When Amazon’s S3 cloud service suffered an outage at the end of February, it took down large parts of the internet that rely on Amazon’s platform. The culprit was human error: An Amazon employee debugging the S3 billing system made a typo, as Amazon explained.
The employee had intended to take a few servers offline, but too many servers were taken down, creating a cascading failure in which subsystems critical to S3’s operations went down. The subsystems then needed to be fully restarted, a process that took down many internet services with it.
Businesses rely increasingly on the cloud for critical business functions. If they are prepared, they also have disaster recovery solutions in place to prepare for external factors such as natural disasters or hacking. How can businesses avoid crucial cloud services being taken offline, and how can they mitigate a disaster that happens inside their cloud service provider?

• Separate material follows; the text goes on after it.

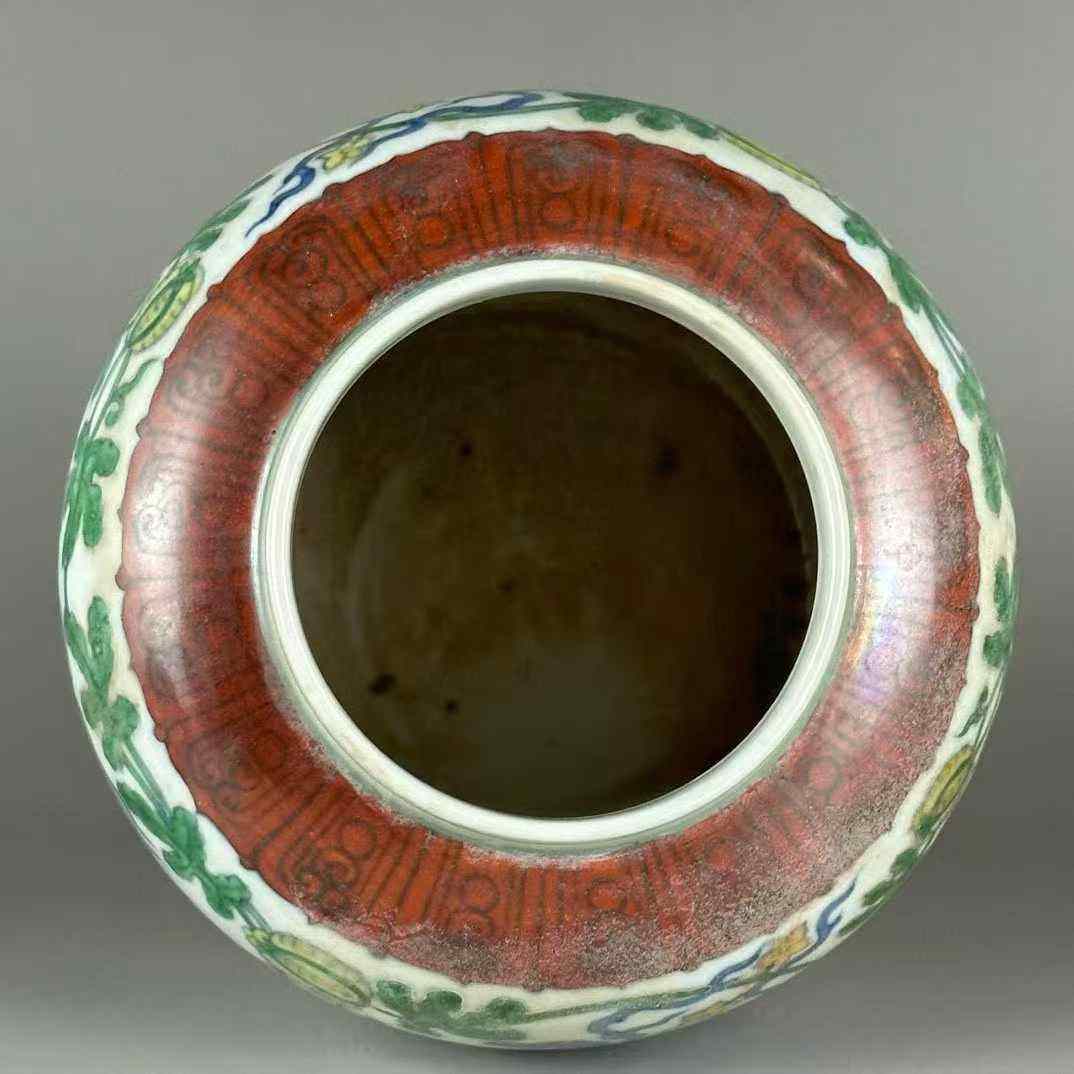 明成化斗彩龙纹天字罐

Amazon says it modified its tools to remove capacity more slowly “and added safeguards to prevent capacity from being removed when it will take any subsystem below its minimum required capacity level.” The firm says this “will prevent an incorrect input from triggering a similar event in the future.” Amazon is also auditing its other operational tools to ensure they have similar safety checks, and it will make changes to improve the recovery time of key S3 subsystems.
The first thing a business needs to do is have a disaster recovery plan in place. Businesses need to make sure their mission-critical IT can be replicated and brought back online in the event of a disaster. To do so, companies need to catalog and prioritize their data and IT systems as well as form a business continuity team to help inform IT of exactly what needs to be up and running and what’s most important. They also need to back up data and invest in offsite IT resources, and should make recovery automatic. Finally, they need to document all of this.

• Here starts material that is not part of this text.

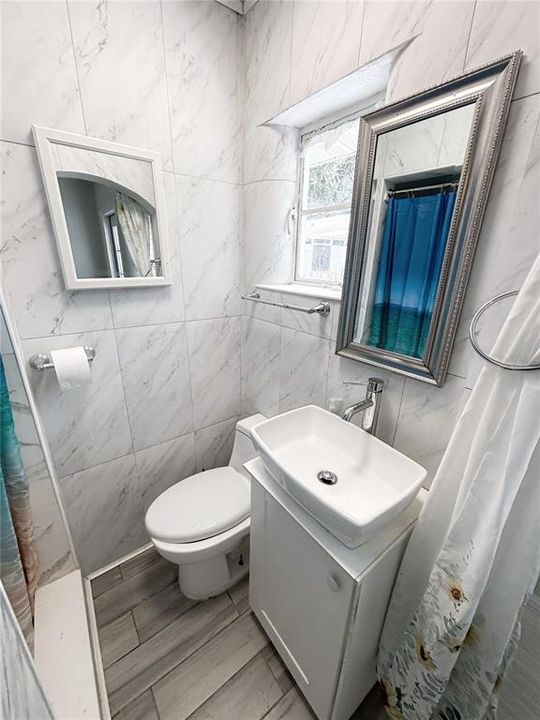 En Venta: $545,000 (4 camas, 3 baños, 2064 Pies cuadrados)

Aidan Finn, who writes about Microsoft virtualization for the Petri IT Knowledgebase and is the technical sales lead for MicroWarehouse Ltd., a Microsoft value-added distributor in Ireland, says on Petri IT that businesses should not assume they get “disaster recovery by default” from their cloud vendor.
“Everything in the cloud is a utility, and every utility has a price,” he says. “If you want it, you need to pay for it and deploy it, and this includes a scenario in which a data center burns down and you need to recover. If you didn’t design in and deploy a disaster recovery solution, you’re as cooked as the servers in the smoky data center.”
Although the Amazon outage was caused by an honest mistake, no company wants to give users unfettered control to take down critical systems.
According to a paper by Jon Mark Allen that was published by the SANS Institute, a company specializing in information security and cybersecurity training, companies can and should implement critical security controls, even when in the cloud.
These controls include creating a complete inventory of authorized devices. Another critical access control that should be put in place revolves around administrative privileges; as Allen writes: “employees have access to do their job, but no more — or less — access than is actually needed.”
Companies can use identity and access management tools, often built into cloud platforms, to create administrative accounts that can be granted granular permissions across the entire cloud infrastructure, Allen notes. Additionally, Allen points out that Amazon’s “Best Practices” document “recommends the root account credentials be stored away safely, and general use accounts created for each system administrator or service that requires access.”
In addition to creating access controls that limit what services and privileges users can make to cloud systems, it’s also a wise idea for businesses to work with multiple cloud providers. That way, if one experiences a failure, the company’s services that depend on the platform don’t go offline as well.
However, before deciding to go with multiple cloud providers, organizations can spread applications and workloads across multiple availability zones or sets within regions, as a Networks Asia report notes. Users can also spread their apps across multiple regions.
“The ultimate protection would be to deploy the application across multiple providers, for example using Microsoft Azure, Google Cloud Platform or some internal or hosted infrastructure resource as a backup,” the report notes.
Identifying how much a business depends on the cloud to function could help determine which steps are needed. If a company relies heavily on the cloud, it will want to make its operations as fault tolerant as possible.
Finn notes that using multiple cloud service providers (CSPs) “isn’t a VM replication solution; it’s a data replication solution, so I would have to run networks, storage, and virtual machines in the secondary cloud.”
However, Finn notes that using multiple CSPs requires companies to “manage multiple vendor contracts, maybe including a third ‘witness’ cloud vendor to redirect clients between the primary and secondary clouds.” It also entails more complex infrastructure and higher costs, he says.